-- Supplied information follows --
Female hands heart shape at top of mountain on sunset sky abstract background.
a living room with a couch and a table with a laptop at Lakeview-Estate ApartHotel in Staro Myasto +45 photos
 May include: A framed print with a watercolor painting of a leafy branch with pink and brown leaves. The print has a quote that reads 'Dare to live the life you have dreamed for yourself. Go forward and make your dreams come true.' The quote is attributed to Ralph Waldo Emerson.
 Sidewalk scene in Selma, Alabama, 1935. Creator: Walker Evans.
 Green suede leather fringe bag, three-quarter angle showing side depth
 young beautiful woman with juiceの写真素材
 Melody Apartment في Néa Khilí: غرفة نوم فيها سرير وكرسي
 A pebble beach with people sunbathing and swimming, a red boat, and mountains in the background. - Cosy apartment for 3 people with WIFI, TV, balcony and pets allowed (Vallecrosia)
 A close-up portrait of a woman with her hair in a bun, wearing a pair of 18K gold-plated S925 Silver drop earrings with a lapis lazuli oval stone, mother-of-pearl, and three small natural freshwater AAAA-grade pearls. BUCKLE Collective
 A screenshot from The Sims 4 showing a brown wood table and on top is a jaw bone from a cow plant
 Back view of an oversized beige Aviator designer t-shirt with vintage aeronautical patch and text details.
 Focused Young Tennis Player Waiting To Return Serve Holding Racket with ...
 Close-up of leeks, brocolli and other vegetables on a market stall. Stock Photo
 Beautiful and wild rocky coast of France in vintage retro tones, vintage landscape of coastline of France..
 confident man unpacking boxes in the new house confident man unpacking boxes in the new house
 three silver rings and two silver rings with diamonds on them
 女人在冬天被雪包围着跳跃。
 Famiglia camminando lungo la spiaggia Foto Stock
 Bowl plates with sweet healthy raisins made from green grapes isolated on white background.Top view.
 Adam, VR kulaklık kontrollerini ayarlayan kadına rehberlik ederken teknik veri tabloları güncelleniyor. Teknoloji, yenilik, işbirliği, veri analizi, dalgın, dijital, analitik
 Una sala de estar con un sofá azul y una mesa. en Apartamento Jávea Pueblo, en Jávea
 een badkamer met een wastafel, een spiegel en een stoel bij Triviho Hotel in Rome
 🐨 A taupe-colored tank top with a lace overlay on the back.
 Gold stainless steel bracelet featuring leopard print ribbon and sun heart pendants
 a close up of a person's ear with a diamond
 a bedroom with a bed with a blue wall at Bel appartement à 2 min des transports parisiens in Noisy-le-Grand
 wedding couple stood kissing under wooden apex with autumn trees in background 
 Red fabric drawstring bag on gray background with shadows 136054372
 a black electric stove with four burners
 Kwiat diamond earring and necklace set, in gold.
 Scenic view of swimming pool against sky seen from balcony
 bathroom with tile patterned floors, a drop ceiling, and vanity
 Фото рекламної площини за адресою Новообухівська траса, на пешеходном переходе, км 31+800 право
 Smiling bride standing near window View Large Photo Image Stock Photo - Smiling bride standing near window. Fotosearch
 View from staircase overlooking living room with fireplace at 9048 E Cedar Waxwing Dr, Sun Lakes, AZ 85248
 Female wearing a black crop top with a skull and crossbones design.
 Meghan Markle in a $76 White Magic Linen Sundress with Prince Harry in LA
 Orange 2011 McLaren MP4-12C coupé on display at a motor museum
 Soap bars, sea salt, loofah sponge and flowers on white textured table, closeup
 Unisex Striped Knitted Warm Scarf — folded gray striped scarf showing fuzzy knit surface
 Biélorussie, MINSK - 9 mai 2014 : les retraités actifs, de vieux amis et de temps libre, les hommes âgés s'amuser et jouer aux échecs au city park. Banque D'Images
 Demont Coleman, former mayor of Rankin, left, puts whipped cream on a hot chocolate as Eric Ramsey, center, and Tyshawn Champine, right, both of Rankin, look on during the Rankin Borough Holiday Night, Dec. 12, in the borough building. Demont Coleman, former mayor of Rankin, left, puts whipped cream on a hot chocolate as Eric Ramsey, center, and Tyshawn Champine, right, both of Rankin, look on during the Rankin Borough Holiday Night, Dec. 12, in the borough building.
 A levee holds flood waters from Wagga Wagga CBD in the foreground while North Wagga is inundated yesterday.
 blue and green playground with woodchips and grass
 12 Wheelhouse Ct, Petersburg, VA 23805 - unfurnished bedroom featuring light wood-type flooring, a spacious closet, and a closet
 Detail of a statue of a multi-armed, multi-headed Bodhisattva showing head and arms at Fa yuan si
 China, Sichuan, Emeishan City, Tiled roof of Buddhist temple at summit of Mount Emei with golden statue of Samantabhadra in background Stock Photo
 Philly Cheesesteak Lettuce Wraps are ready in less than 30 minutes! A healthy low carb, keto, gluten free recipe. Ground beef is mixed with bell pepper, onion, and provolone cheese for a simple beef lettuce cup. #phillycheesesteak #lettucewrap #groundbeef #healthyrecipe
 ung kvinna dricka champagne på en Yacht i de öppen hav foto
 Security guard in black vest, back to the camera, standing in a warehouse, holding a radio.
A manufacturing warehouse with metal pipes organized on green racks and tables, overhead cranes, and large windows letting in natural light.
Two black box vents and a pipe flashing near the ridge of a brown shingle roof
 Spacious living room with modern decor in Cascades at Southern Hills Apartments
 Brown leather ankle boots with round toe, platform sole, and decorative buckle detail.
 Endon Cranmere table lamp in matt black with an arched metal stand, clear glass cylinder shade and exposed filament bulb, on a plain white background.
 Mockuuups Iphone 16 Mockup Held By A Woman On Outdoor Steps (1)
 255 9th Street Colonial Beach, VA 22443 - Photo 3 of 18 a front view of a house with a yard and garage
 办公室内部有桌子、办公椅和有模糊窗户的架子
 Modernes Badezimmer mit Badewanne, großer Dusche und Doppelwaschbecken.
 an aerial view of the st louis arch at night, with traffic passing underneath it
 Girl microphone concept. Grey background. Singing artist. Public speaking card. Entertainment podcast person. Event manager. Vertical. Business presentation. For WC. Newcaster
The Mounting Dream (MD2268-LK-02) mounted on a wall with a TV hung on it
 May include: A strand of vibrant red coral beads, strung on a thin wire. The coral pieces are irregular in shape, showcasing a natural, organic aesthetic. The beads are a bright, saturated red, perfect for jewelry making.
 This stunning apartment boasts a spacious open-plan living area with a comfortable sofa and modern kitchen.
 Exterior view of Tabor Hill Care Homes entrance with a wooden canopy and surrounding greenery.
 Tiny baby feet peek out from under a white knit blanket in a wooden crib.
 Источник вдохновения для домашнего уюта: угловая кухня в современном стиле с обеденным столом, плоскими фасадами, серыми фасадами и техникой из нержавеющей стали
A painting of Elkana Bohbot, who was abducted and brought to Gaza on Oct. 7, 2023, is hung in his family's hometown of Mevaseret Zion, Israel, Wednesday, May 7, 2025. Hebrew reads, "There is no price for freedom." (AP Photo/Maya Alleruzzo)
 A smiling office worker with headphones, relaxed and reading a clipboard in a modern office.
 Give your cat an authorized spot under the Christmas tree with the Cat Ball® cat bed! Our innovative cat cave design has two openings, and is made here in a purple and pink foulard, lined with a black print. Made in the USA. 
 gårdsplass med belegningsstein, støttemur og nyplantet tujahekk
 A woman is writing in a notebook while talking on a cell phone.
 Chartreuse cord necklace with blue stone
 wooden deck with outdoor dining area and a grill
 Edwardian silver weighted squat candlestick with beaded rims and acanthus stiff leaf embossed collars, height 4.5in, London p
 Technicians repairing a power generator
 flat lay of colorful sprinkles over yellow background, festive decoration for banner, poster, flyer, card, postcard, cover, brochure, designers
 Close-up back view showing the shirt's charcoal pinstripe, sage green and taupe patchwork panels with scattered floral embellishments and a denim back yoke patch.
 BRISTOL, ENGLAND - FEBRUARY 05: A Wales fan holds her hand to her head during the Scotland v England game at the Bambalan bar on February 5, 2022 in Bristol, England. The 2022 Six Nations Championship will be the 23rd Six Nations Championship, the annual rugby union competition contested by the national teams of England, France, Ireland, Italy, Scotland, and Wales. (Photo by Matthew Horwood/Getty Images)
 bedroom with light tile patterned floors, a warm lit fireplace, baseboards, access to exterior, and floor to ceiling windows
-- Supplied information concluded --
▶ [Assignment]: What do the lines above say from the one containing "three silver rings" down to the one containing "Red fabric drawstring"? Return them exactly, both end lines included, and only them.

▶ [Task answer]:
 three silver rings and two silver rings with diamonds on them
 女人在冬天被雪包围着跳跃。
 Famiglia camminando lungo la spiaggia Foto Stock
 Bowl plates with sweet healthy raisins made from green grapes isolated on white background.Top view.
 Adam, VR kulaklık kontrollerini ayarlayan kadına rehberlik ederken teknik veri tabloları güncelleniyor. Teknoloji, yenilik, işbirliği, veri analizi, dalgın, dijital, analitik
 Una sala de estar con un sofá azul y una mesa. en Apartamento Jávea Pueblo, en Jávea
 een badkamer met een wastafel, een spiegel en een stoel bij Triviho Hotel in Rome
 🐨 A taupe-colored tank top with a lace overlay on the back.
 Gold stainless steel bracelet featuring leopard print ribbon and sun heart pendants
 a close up of a person's ear with a diamond
 a bedroom with a bed with a blue wall at Bel appartement à 2 min des transports parisiens in Noisy-le-Grand
 wedding couple stood kissing under wooden apex with autumn trees in background 
 Red fabric drawstring bag on gray background with shadows 136054372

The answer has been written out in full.